Exact wording is required: give all the records again, minus the pictures.

_ _ _ _ _

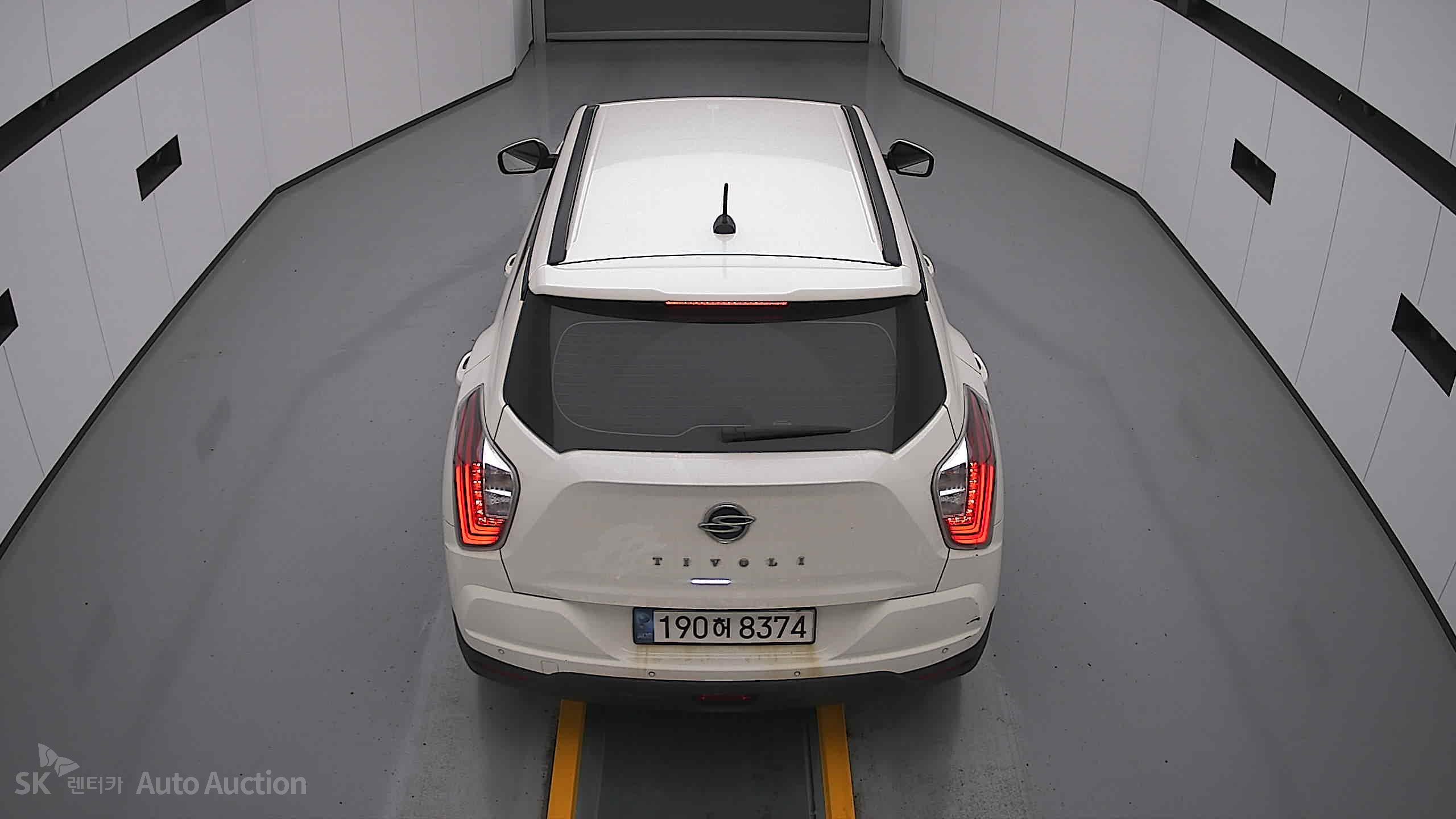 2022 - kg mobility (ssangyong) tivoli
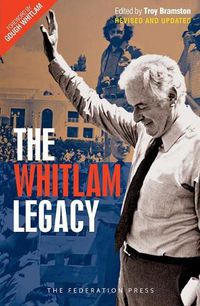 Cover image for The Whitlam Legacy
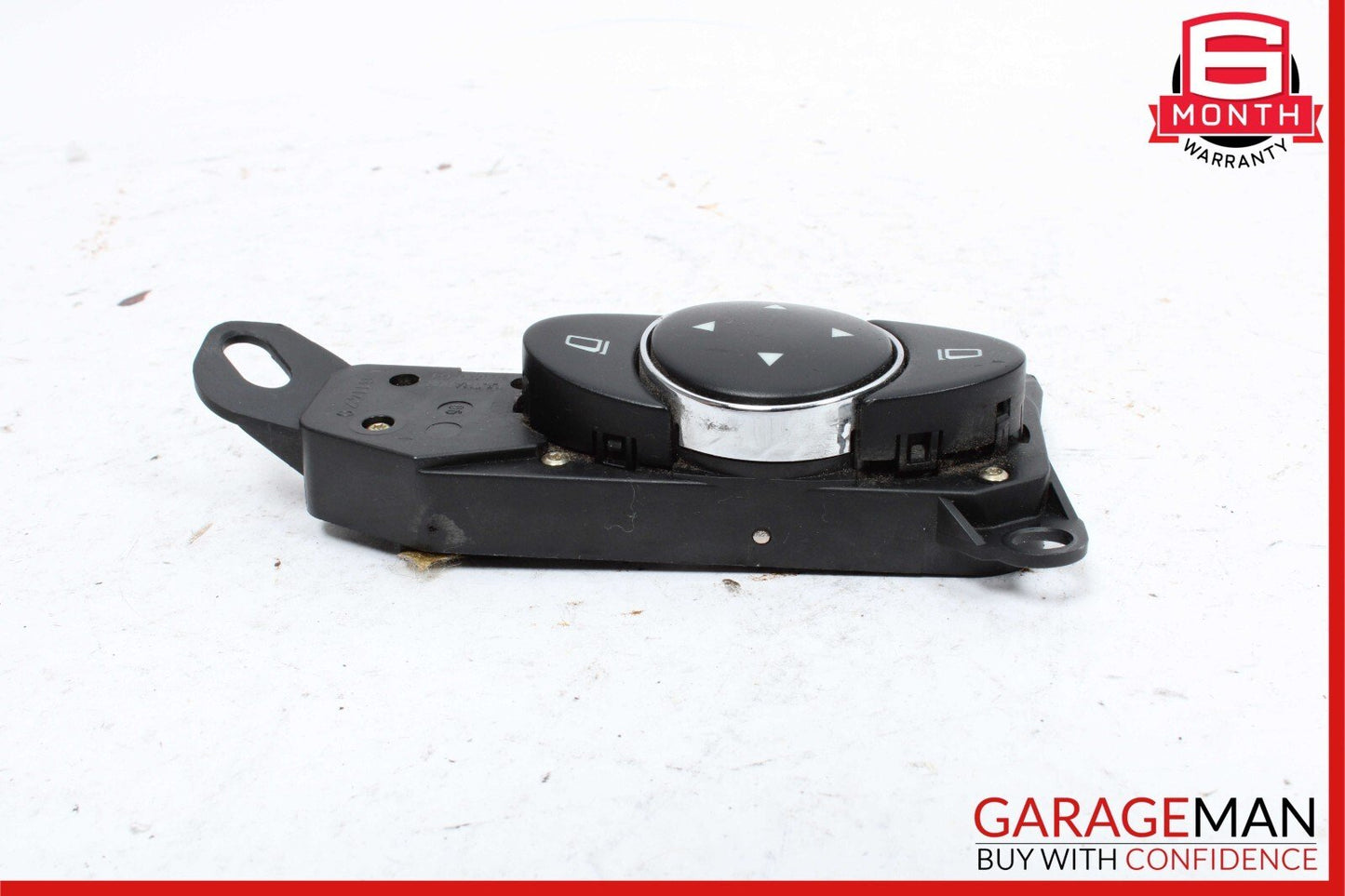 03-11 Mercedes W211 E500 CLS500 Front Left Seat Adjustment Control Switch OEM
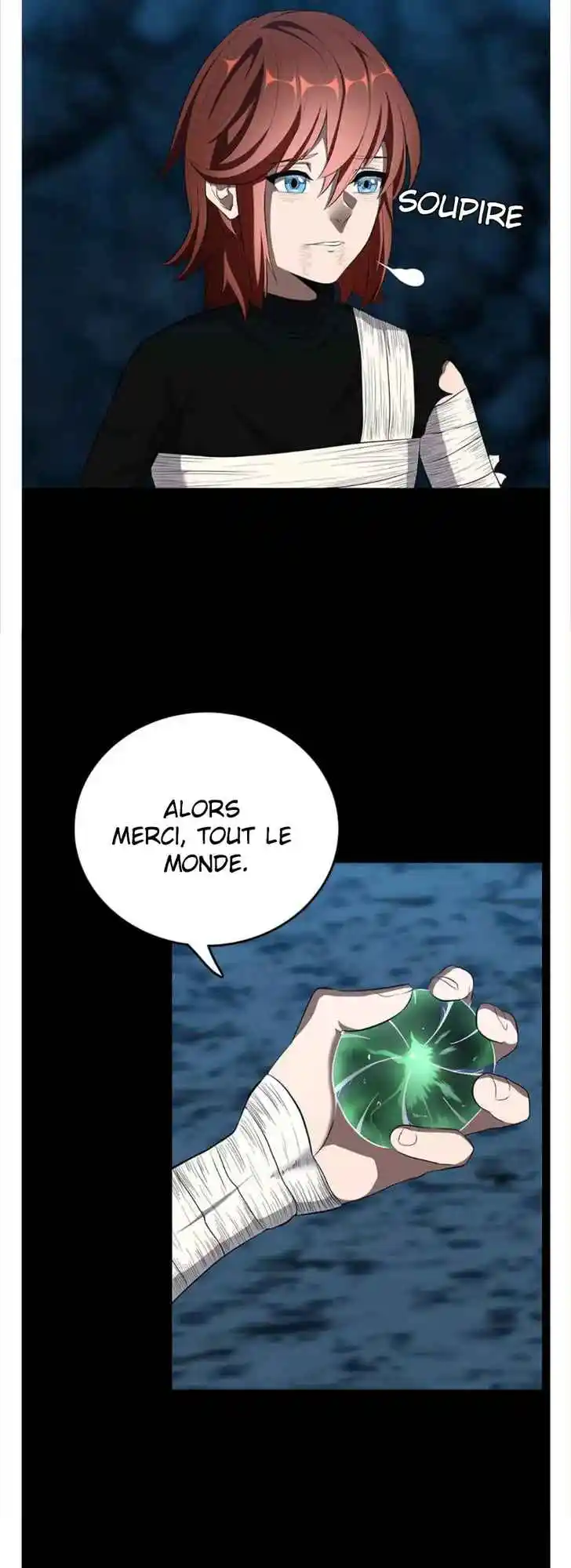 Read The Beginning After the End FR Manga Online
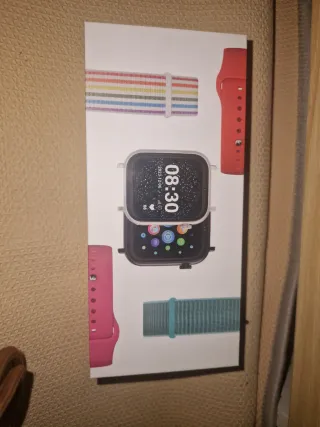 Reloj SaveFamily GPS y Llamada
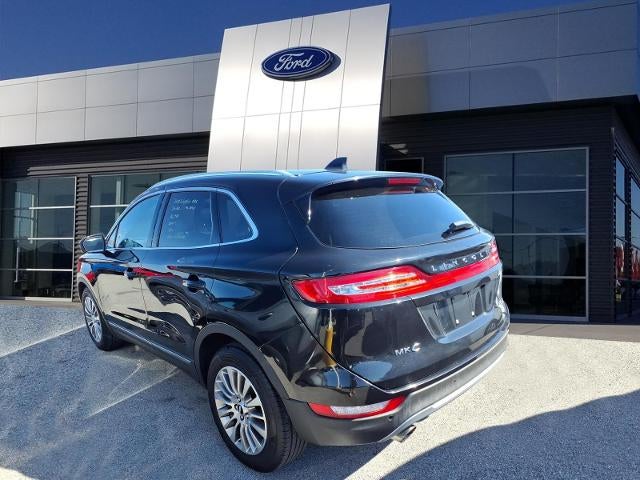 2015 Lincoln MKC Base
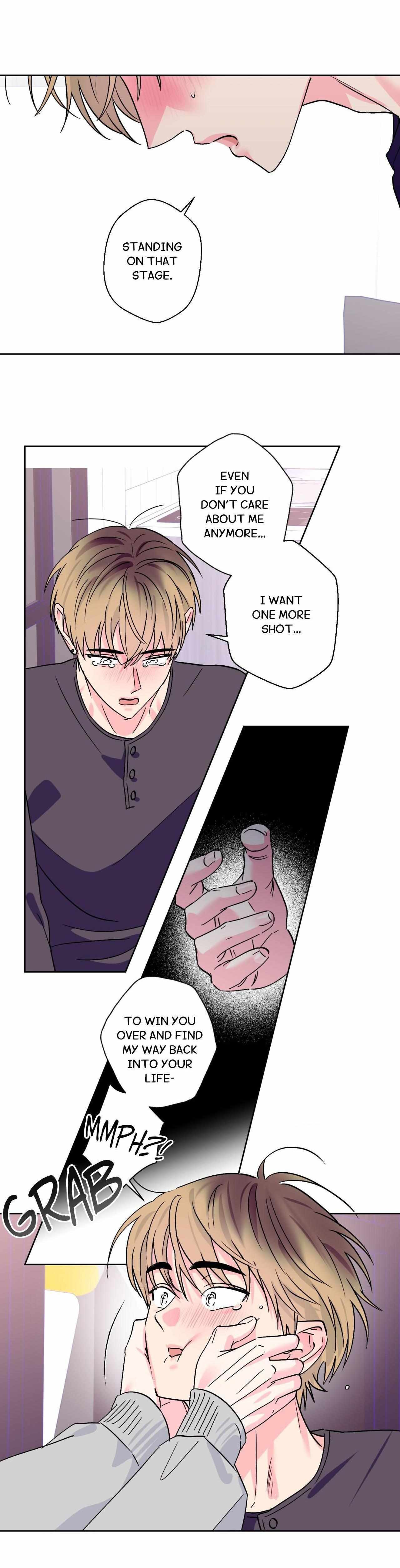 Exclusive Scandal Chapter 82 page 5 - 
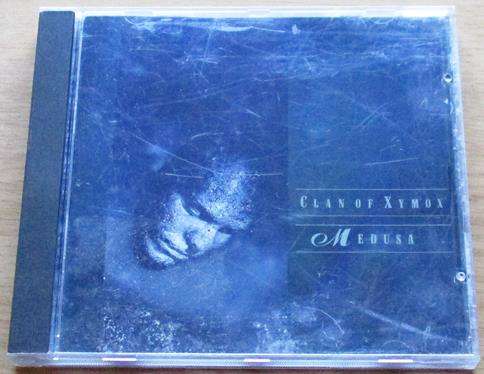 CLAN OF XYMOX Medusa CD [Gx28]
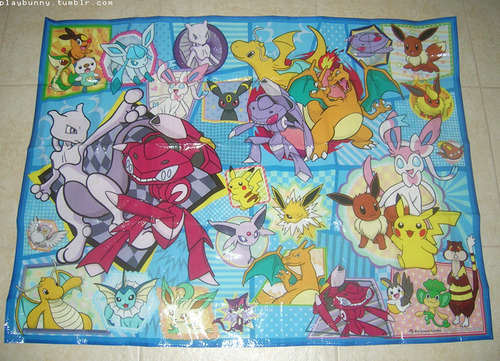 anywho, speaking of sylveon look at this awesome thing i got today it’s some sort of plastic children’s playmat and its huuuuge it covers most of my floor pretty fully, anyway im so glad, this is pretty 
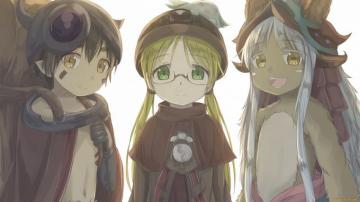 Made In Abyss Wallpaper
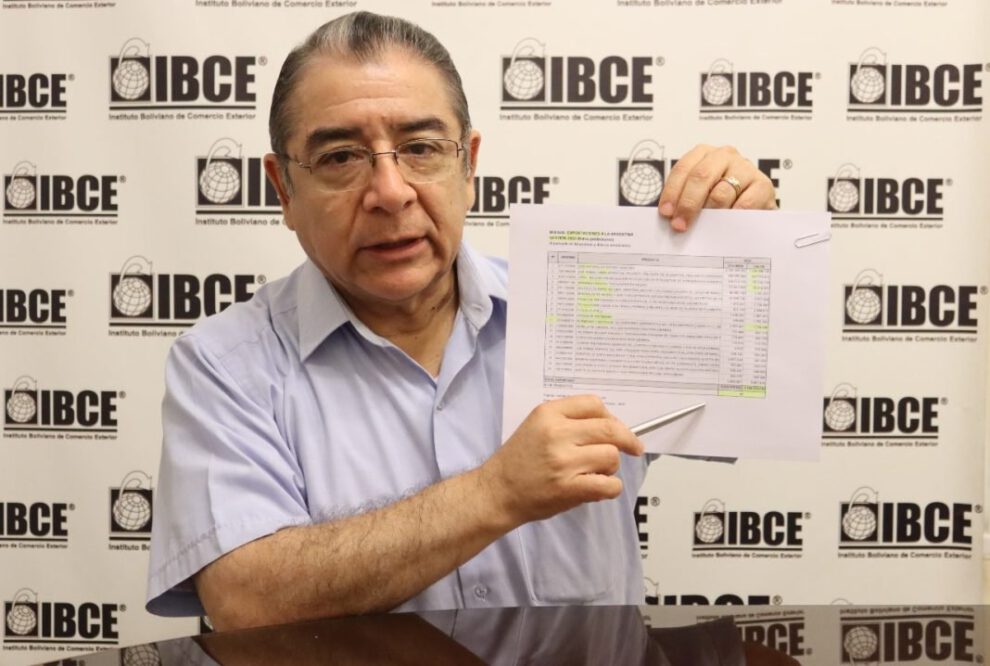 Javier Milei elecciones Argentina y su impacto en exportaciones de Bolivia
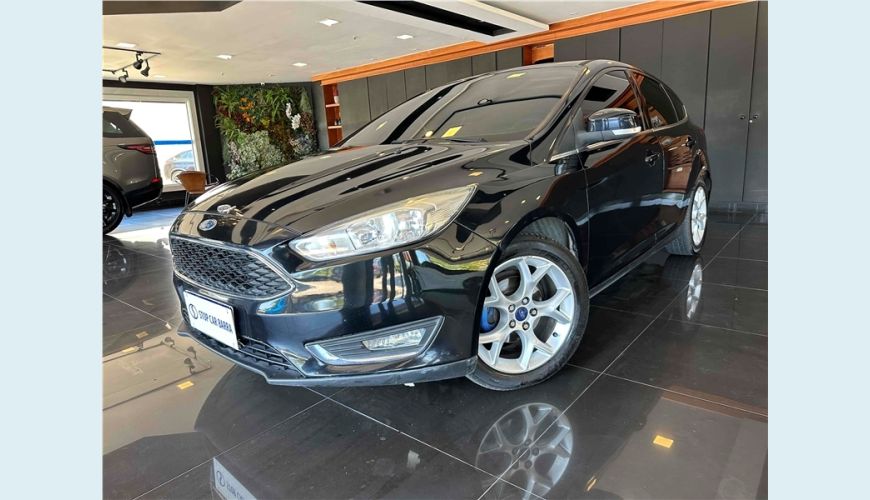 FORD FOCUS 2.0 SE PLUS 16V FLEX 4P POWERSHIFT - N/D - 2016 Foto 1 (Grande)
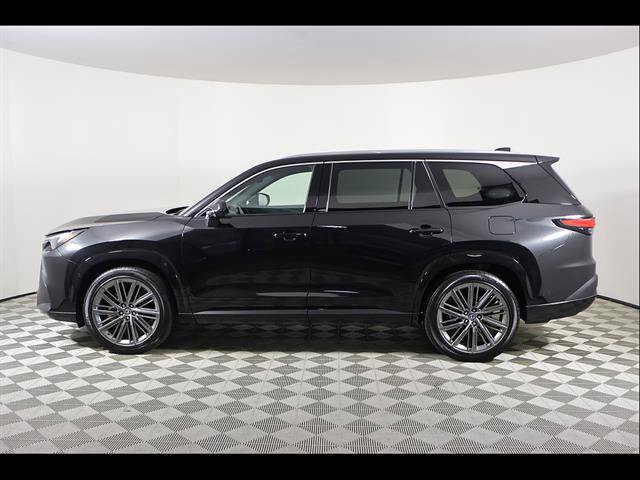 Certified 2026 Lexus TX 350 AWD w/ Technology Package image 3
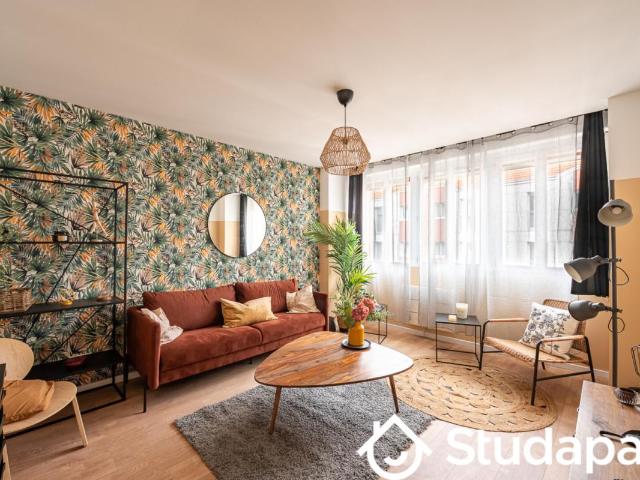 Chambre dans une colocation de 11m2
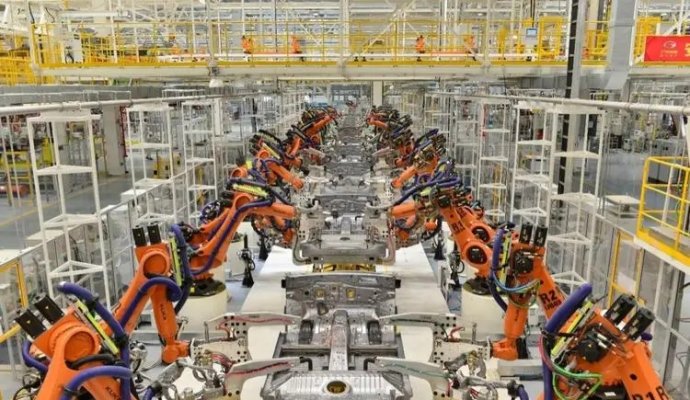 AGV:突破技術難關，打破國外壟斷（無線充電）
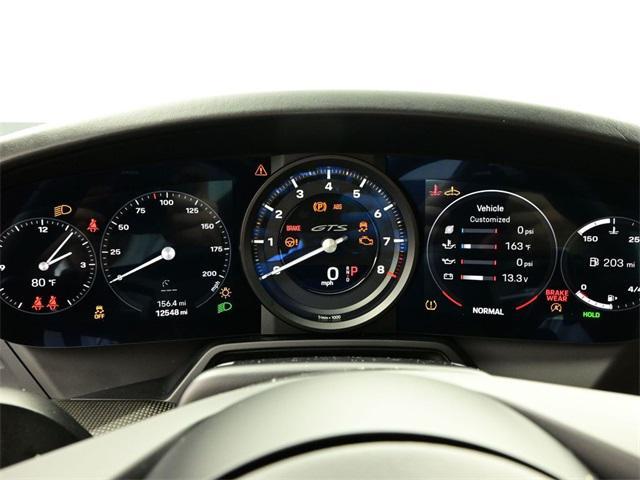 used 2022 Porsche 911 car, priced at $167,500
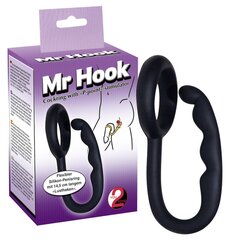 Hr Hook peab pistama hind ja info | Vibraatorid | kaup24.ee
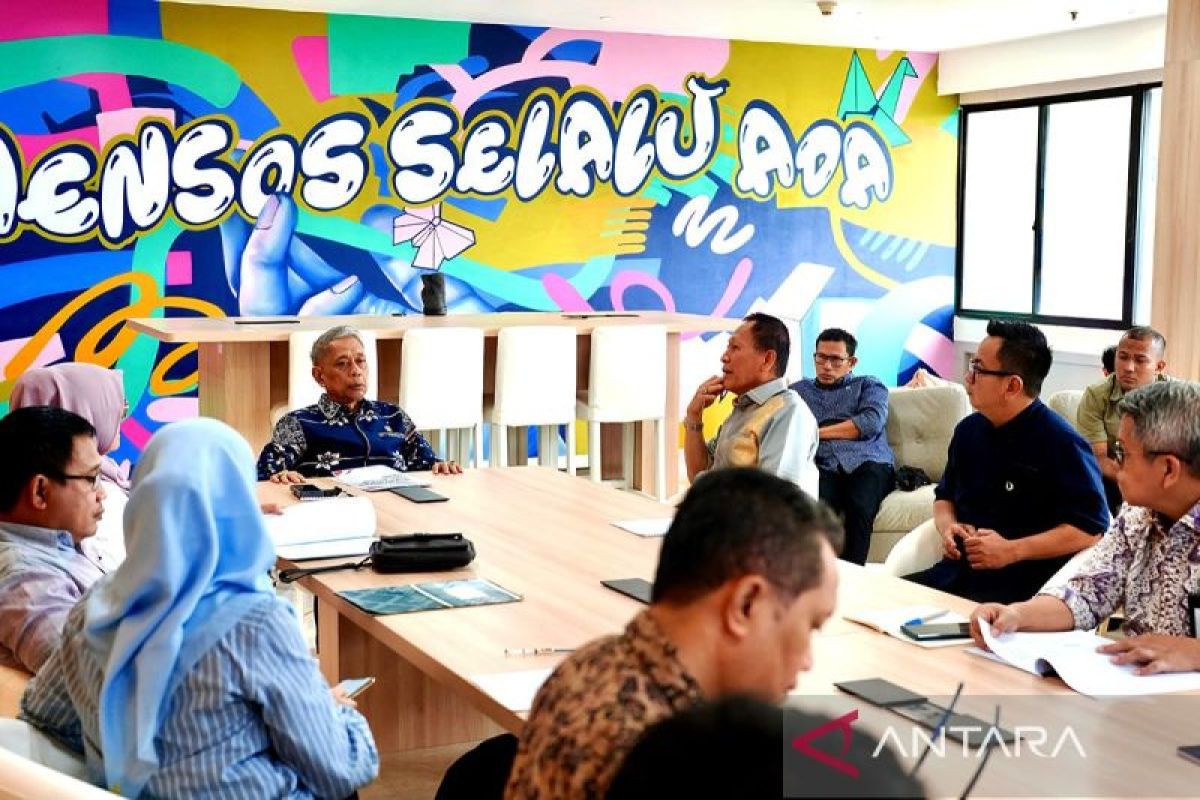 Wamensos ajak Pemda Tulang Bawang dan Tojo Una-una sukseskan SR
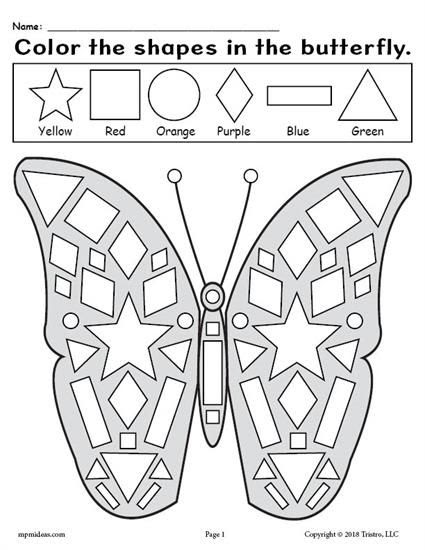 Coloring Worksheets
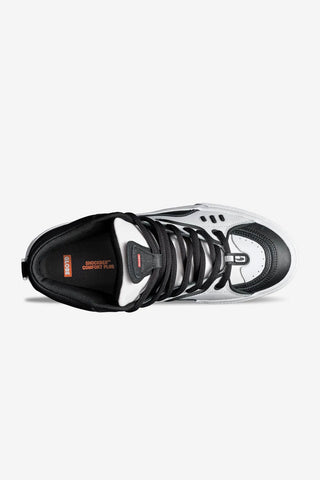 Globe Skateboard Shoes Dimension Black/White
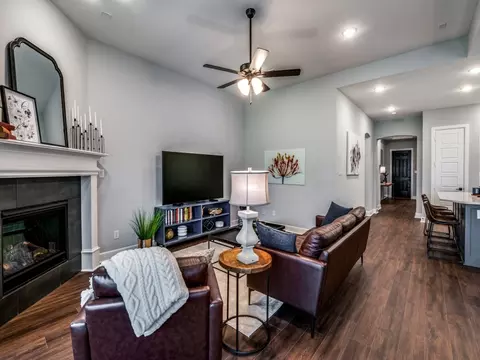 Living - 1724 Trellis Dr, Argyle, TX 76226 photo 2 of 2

_ _ _ _ _

Solution to the exercise:
 2022 - kg mobility (ssangyong) tivoli
 Cover image for The Whitlam Legacy
 03-11 Mercedes W211 E500 CLS500 Front Left Seat Adjustment Control Switch OEM
 Read The Beginning After the End FR Manga Online
 Reloj SaveFamily GPS y Llamada
 2015 Lincoln MKC Base
 Exclusive Scandal Chapter 82 page 5 - 
 CLAN OF XYMOX Medusa CD [Gx28]
 anywho, speaking of sylveon look at this awesome thing i got today it’s some sort of plastic children’s playmat and its huuuuge it covers most of my floor pretty fully, anyway im so glad, this is pretty 
 Made In Abyss Wallpaper
 Javier Milei elecciones Argentina y su impacto en exportaciones de Bolivia
 FORD FOCUS 2.0 SE PLUS 16V FLEX 4P POWERSHIFT - N/D - 2016 Foto 1 (Grande)
 Certified 2026 Lexus TX 350 AWD w/ Technology Package image 3
 Chambre dans une colocation de 11m2
 AGV:突破技術難關，打破國外壟斷（無線充電）
 used 2022 Porsche 911 car, priced at $167,500
 Hr Hook peab pistama hind ja info | Vibraatorid | kaup24.ee
 Wamensos ajak Pemda Tulang Bawang dan Tojo Una-una sukseskan SR
 Coloring Worksheets
 Globe Skateboard Shoes Dimension Black/White
 Living - 1724 Trellis Dr, Argyle, TX 76226 photo 2 of 2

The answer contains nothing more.